A cirurgia de implante dentário é um dos procedimentos mais realizados na odontologia moderna. Apesar de ser uma intervenção cirúrgica, a técnica evoluiu significativamente nas últimas décadas, tornando-se mais rápida, previsível e confortável para o paciente.

Se você está prestes a fazer um implante, entender cada etapa do procedimento pode ajudar a reduzir a ansiedade e garantir uma recuperação mais tranquila. Neste artigo, explicamos todo o processo com base nas diretrizes do Conselho Federal de Odontologia (CFO) e da Associação Brasileira de Odontologia (ABO).

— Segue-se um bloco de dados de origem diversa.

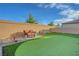 This backyard includes a putting green and outdoor seating near a well-maintained surrounding wall at 3495 Luca Point Ave, Henderson, NV 89044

Antes da Cirurgia: Planejamento

O sucesso do implante começa muito antes da cirurgia. O planejamento é a etapa mais importante e inclui:

Exames Obrigatórios

  • Radiografia panorâmica: visão geral da arcada dentária
  • Tomografia computadorizada (cone beam): imagem 3D que permite avaliar a espessura e altura do osso com precisão milimétrica
  • Exames de sangue: hemograma, glicemia, coagulograma e outros conforme necessidade individual

Avaliação da Saúde Geral

O implantodontista precisa conhecer o histórico médico completo do paciente. Condições como diabetes, hipertensão, uso de anticoagulantes e tabagismo influenciam diretamente o planejamento cirúrgico e a previsibilidade do resultado.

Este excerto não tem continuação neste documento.